| EXERCISE REQUIREMENTS |
Please write out the full listing beneath this line exactly, skipping its images.

| INPUT |
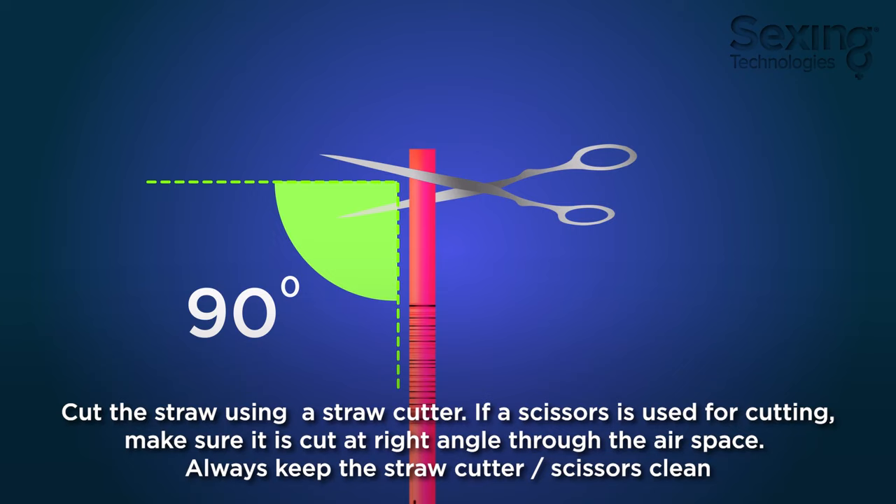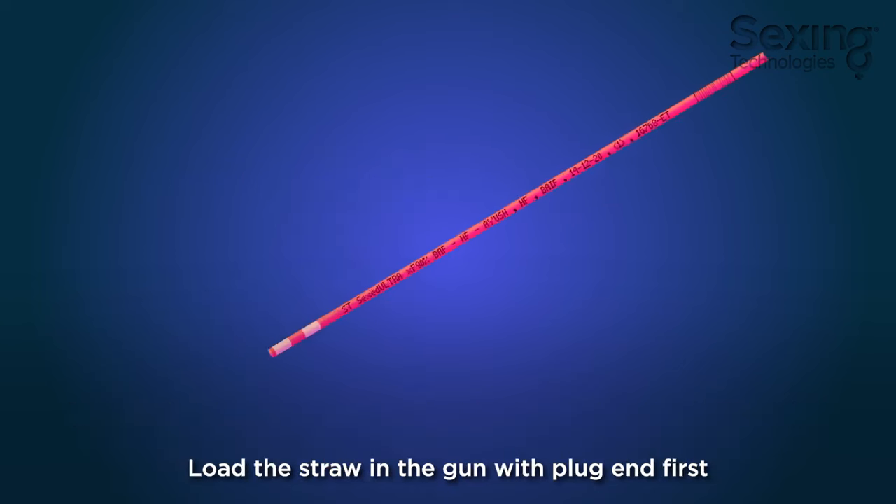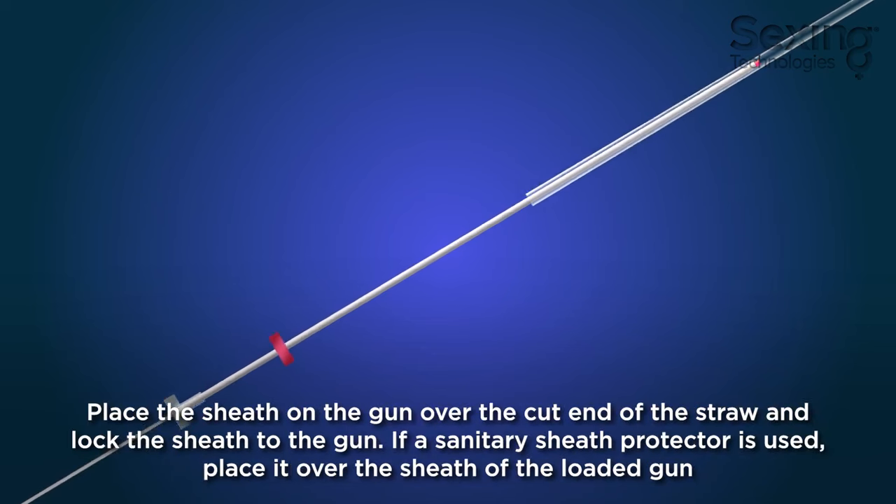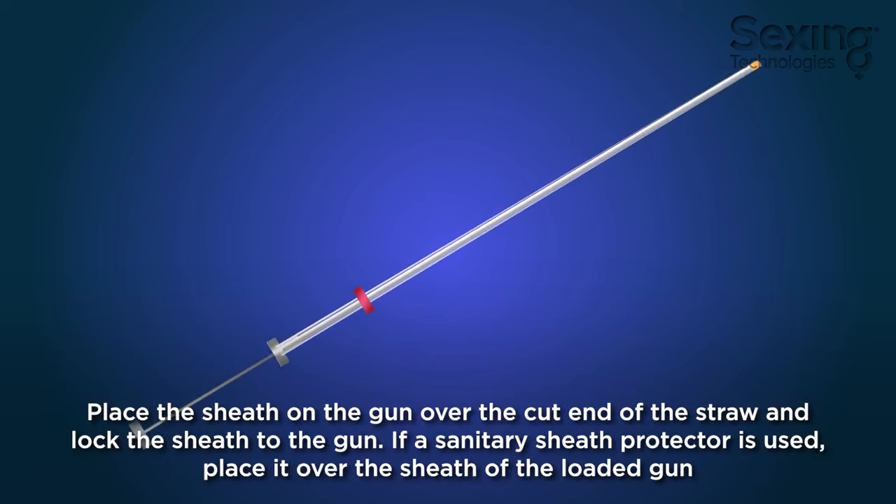Always keep the straw cutter or scissors clean. Load the straw in the gun with the plug-end first. Place a sheath on the gun over the cut end of the straw and lock the sheath to the gun. If a sanitary sheath protector is used, place it over the sheath of the loaded gun.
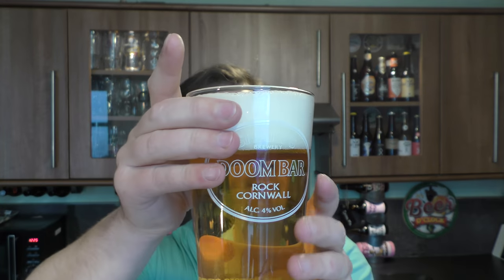The clarity is very good even though it's unfiltered. Light straw coloured. Let's get the aroma — it's like lemony, a light malty aroma, with some spice.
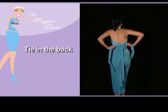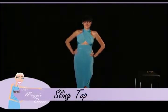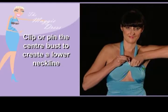Tie in the back and this creates a great looking dress. You can also take a clip or a pin and create a different lower neckline by simply clipping or pinning at the center bust.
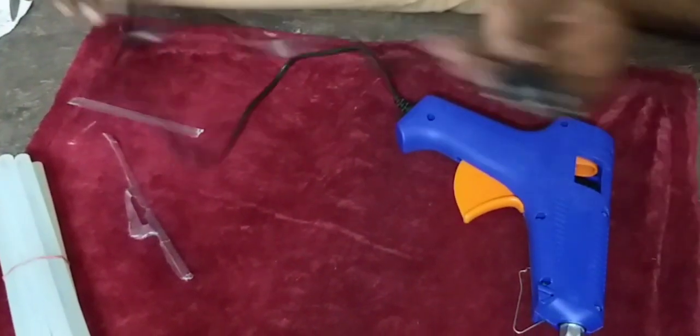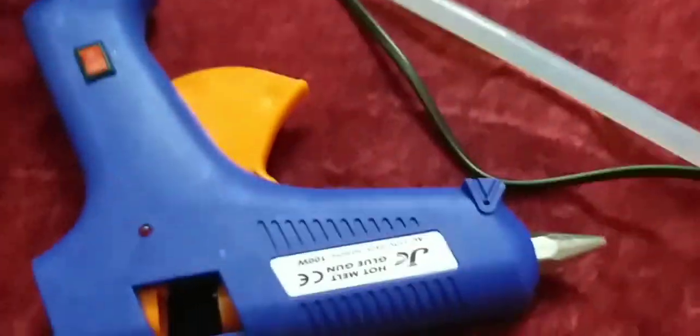As you can see, the trigger is strong. We have 10 glue sticks included.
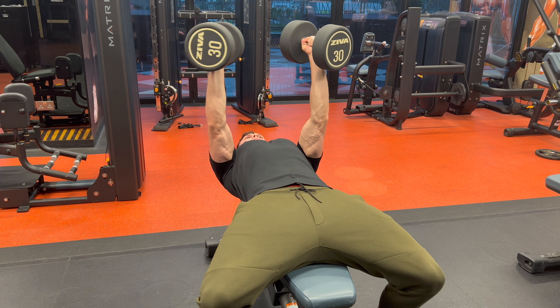To dismount, bring the knees back up to the chest again, slowly bring the dumbbells down and you're finished.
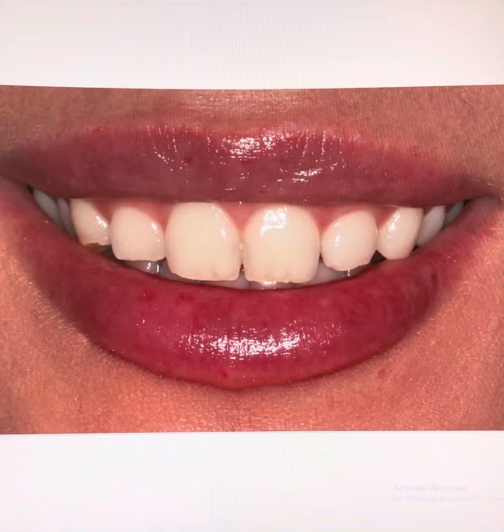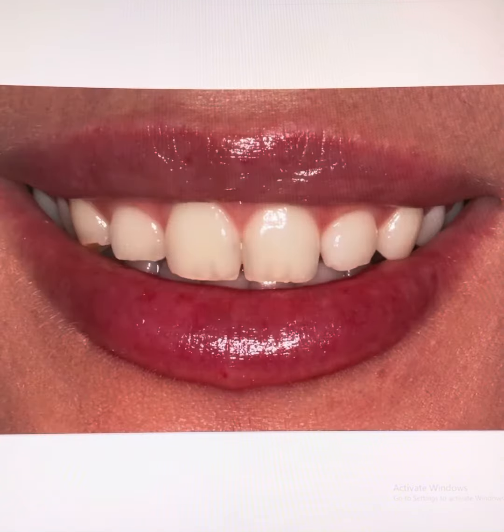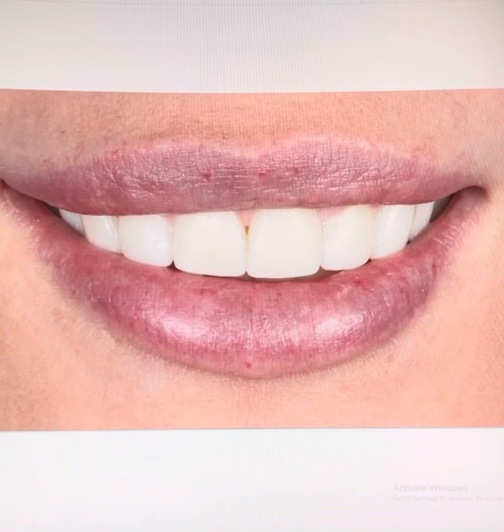We do a small try-in with temporary composite material, showing a natural style with Bleach White 3 color. Patient is happy with the Smile Design, so I can prepare the teeth.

| RESPONSE AREA |
Always keep the straw cutter or scissors clean. Load the straw in the gun with the plug-end first. Place a sheath on the gun over the cut end of the straw and lock the sheath to the gun. If a sanitary sheath protector is used, place it over the sheath of the loaded gun.
The clarity is very good even though it's unfiltered. Light straw coloured. Let's get the aroma — it's like lemony, a light malty aroma, with some spice.
Tie in the back and this creates a great looking dress. You can also take a clip or a pin and create a different lower neckline by simply clipping or pinning at the center bust.
As you can see, the trigger is strong. We have 10 glue sticks included.
To dismount, bring the knees back up to the chest again, slowly bring the dumbbells down and you're finished.
We do a small try-in with temporary composite material, showing a natural style with Bleach White 3 color. Patient is happy with the Smile Design, so I can prepare the teeth.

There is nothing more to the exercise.